A few years after purchasing Murrelet, a group including my sister and her husband and my wife and I chartered a couple of 40 foot monohulls for a few weeks of racing and cruising in the British Virgin Islands. The Florida based Beneteau 402 center cockpit sloops were built in South Carolina specifically for the hot climate prevalent to their cruising grounds. In my opinion, the freeboard was determined by the layout of the interior of the vessels with the notion that head room would contribute to ventilation. We discovered in sort order that the vessels were human steam oven’s nonetheless. Unfortunately the center cockpit was two small for laying down (as is the Ms), so we made due below decks as best we could. The notion that cruising vessels have higher freeboard because of the need for ventilation did not hold up to our observations. It is not possible to have enough freeboard in a cruising sail boat to generate the head room needed for ventilation in the humid tropics, unless perhaps if the deck is made of porous wood. And of course excessive freeboard can be a problem.
For a sailboat, low freeboard on the lee side can cause flooding. But the high freeboard on the windward side can also be used like a lever by the wind to flip the vessel over (an obvious stability concern for a multihull). In a moderate or strong wind, a cabin cruiser can be very difficult to maneuver owing to the amount of wind that hits its hull. In 2003 Murrelet was Shilshole shuffeled to a slip providing a grand view of this issue.
The Shilshole shuffel is the term applied at the Shilshole Marina to describe frequent but often temporary changes in slip assignments owing to the difficulty of managing sub leases. If I were running things sub leases would not be allowed but in anycase I so enjoy watching large underpowered cabin cruisers and even sailboats pull up for fuel and depart when the wind is blowing, that my shuffel was made permanent.

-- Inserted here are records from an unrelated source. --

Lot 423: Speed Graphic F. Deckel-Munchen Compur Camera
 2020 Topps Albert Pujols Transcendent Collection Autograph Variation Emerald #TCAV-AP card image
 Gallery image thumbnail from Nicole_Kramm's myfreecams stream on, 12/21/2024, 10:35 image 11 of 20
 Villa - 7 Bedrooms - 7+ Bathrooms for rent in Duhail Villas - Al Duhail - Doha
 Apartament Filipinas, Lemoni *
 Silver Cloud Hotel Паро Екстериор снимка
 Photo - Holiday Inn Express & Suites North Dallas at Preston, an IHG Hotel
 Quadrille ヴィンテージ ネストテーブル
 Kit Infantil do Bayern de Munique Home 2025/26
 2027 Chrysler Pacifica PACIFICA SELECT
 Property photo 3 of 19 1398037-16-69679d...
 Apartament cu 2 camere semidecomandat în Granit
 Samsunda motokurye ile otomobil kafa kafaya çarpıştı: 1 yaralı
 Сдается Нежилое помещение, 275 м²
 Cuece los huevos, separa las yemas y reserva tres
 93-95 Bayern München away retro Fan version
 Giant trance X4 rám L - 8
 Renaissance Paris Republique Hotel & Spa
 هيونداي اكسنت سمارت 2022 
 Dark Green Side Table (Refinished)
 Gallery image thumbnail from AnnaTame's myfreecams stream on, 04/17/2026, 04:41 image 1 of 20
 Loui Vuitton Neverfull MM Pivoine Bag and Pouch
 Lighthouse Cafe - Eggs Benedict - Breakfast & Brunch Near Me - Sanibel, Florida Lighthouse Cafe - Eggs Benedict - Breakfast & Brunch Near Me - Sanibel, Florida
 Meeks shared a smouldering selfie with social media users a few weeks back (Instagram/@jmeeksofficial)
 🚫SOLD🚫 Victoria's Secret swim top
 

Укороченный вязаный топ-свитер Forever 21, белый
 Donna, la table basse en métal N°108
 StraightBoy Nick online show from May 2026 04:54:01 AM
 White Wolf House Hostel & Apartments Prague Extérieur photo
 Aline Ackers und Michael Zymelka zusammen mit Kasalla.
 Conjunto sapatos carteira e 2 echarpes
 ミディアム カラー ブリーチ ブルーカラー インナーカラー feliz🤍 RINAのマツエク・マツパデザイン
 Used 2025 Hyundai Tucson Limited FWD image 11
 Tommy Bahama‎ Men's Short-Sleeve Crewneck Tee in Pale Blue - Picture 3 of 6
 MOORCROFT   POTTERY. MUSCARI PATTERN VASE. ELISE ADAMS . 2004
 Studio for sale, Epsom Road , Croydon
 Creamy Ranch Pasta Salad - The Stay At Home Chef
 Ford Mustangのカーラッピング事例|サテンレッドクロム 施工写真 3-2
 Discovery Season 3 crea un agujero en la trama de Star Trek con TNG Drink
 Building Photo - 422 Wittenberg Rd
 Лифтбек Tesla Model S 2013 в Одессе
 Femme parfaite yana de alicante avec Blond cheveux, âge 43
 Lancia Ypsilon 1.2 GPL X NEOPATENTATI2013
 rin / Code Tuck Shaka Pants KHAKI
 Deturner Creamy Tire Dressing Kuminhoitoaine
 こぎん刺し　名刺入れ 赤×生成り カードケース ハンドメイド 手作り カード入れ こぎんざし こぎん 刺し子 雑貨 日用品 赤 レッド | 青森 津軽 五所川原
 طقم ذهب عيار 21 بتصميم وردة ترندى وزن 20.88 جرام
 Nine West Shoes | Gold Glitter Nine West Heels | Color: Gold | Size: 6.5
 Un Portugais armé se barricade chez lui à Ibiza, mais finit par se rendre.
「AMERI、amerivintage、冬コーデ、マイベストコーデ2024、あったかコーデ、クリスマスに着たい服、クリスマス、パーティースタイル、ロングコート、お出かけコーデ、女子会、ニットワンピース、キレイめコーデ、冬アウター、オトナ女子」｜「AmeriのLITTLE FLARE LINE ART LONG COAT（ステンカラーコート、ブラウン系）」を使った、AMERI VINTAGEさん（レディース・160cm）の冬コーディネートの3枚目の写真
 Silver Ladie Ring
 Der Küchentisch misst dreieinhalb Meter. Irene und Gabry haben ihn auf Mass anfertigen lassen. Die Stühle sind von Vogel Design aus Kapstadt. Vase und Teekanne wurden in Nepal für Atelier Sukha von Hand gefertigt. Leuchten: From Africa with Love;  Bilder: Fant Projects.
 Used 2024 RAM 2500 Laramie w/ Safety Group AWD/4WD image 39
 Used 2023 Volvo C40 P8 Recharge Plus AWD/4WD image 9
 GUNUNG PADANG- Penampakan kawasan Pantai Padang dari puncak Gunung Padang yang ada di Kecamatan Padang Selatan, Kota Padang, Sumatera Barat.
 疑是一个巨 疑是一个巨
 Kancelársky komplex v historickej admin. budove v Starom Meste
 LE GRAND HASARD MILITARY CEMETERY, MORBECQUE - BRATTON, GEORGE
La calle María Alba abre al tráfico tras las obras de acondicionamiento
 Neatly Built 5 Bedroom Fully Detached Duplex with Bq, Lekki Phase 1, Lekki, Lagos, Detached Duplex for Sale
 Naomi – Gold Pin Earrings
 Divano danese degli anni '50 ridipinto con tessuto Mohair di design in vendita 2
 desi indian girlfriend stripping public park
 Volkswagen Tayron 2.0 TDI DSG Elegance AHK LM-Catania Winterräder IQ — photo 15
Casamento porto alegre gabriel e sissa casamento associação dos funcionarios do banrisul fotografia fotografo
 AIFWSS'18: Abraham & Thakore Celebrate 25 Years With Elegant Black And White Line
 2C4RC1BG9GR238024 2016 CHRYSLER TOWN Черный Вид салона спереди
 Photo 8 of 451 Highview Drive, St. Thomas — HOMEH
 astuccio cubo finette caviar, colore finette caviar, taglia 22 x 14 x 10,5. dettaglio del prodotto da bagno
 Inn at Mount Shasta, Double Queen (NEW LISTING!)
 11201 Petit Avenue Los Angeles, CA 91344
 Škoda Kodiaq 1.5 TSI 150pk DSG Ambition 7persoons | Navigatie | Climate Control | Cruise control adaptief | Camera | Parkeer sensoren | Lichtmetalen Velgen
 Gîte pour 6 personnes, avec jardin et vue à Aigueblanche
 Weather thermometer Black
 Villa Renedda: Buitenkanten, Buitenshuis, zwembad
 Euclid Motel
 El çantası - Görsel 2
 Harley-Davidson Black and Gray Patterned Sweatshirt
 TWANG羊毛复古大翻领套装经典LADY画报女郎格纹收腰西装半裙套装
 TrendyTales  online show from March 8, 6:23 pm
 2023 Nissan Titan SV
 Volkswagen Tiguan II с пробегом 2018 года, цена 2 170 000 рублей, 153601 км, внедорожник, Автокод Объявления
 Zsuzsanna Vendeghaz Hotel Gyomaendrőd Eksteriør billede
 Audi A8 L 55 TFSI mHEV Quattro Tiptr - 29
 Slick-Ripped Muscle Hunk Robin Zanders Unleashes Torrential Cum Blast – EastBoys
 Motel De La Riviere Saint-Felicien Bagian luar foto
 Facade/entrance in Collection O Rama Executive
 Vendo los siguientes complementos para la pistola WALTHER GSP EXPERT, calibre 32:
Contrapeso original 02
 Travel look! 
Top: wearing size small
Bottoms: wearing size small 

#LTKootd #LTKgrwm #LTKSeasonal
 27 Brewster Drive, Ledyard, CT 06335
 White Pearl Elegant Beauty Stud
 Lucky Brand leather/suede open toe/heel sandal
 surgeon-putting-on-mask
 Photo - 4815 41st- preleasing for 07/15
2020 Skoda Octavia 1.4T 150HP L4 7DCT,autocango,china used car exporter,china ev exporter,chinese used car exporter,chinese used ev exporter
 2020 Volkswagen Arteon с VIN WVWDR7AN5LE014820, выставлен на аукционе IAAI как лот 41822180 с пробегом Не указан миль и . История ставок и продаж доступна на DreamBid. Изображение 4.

The desirability of a real engine, rather than a sailboat kicker on a cruiser with freeboard worthy of ocean craft was obvious from Murrelet’s 2003 summer-post-shuffel perch. Owing to what happens in windy conditions, you do not want a cockpit enclosure rigged on a vessel that is under powered. I will not soon forget the large cabin cruiser that had to exit Shilshole about the down wind breakwater, the captain complaining that the fully enclosed vessel just would not turn upwind in the amount of harbor available. The following X cruiser has been fitted out with a full cockpit enclosure.
The Wind’s enclosure, while providing ventilated sleeping quarters for a couple of crew larger than 6 foot tall does not allow the boat operator to stand upright behind the wheel as would be the case if the enclosure extended past the backstay or the boom were higher as on the Mac26M.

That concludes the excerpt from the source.